The mountains in Val di Fiemme: an open air book

The shepherds’ writings. Three centuries of rock art in Val di Fiemme

[ Museo degli Usi e Costumi della Gente Trentina]

The exhibition “The shepherds’ writings”, organized by Marta Bazzanella for the “Museo degli usi e costumi della gente trentina” (Museum of the habits and customs of the people of Trentino) is now at the former “Tabià del Moco” in Ziano di Fiemme and is open until 11 January 2015.

Six years of research, 2.682 surveyed walls, about 30.000 writings located, of which 5.000 have been catalogued by now: these are the numbers of the research carried out by the “Museo degli usi e costumi della gente trentina” of San Michele all’Adige (Museum of the traditions and customs of the people of Trentino) on the mountains of Val di Fiemme and in particular on Monte Cornon.

The site www.scrittedeipastori.itoffers users the results of field research, surveys and interviews.

In fact, shepherds painted as many as thousands of writings on the slopes of Monte Cornon between the second half of the seventeenth century and the first half of the twentieth century.

These “open air” documents painted on the limestone cliffs of the south-looking slopes of the Cornon ridge, separating high-altitude prairies from halfway grazing lands, tell us about shepherds and flocks of sheet passing by. The writings on the rock were made with local red ochre, the so-called “ból”; such clay was mixed with goat’s milk or saliva to obtain a thick mush to be applied with a small branch.
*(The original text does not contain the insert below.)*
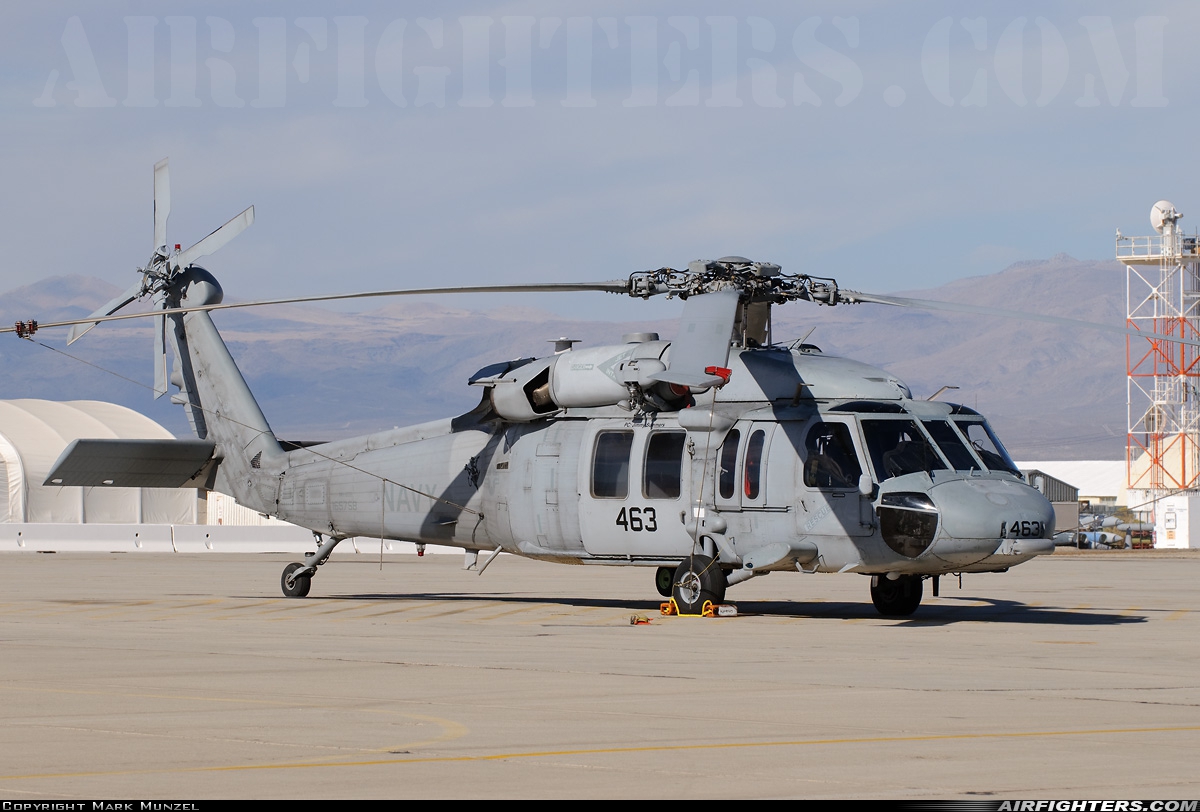 USA - Navy Sikorsky MH-60S Knighthawk (S-70A) 165759 at China Lake - NAWS / Armitage Field (NID), USA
The writings feature the initials of the name and surname of the shepherds that made them, the indication of the year and often of the month and day too, and the tally of the livestock put out to pasture. The writings themselves may also be enclosed by borders of different shapes, sometimes accompanied by drawings and brief notes: religious symbols, drawings of animals, hunting scenes, portraits, self-portraits, greetings and diaristic notes.

Almost always the shepherd added the symbol or “sign” identifying his house, which in the past was very important since it attested whom the sheep and work tools belonged to.

The ethnographic research carried out by the Museum of San Michele has led to the identification of two rock shelters: the shelter of Trato and the shelter of Mandra di Dos Capèl, which were used respectively as a temporary resting place, and as temporary shelter during the summer season.

In the exhibition, a reconstruction of the shelter of Trato allows the visitor to retrace ancient rituals, and to examine the results of the analysis of the physical and chemical properties of the red clay of the writings. Such analysis were performed by Antonio Miotello and Laura Toniutti of the “Hydrogen-Energy-Environment Laboratory” of the Faculty of Science of the University of Trento.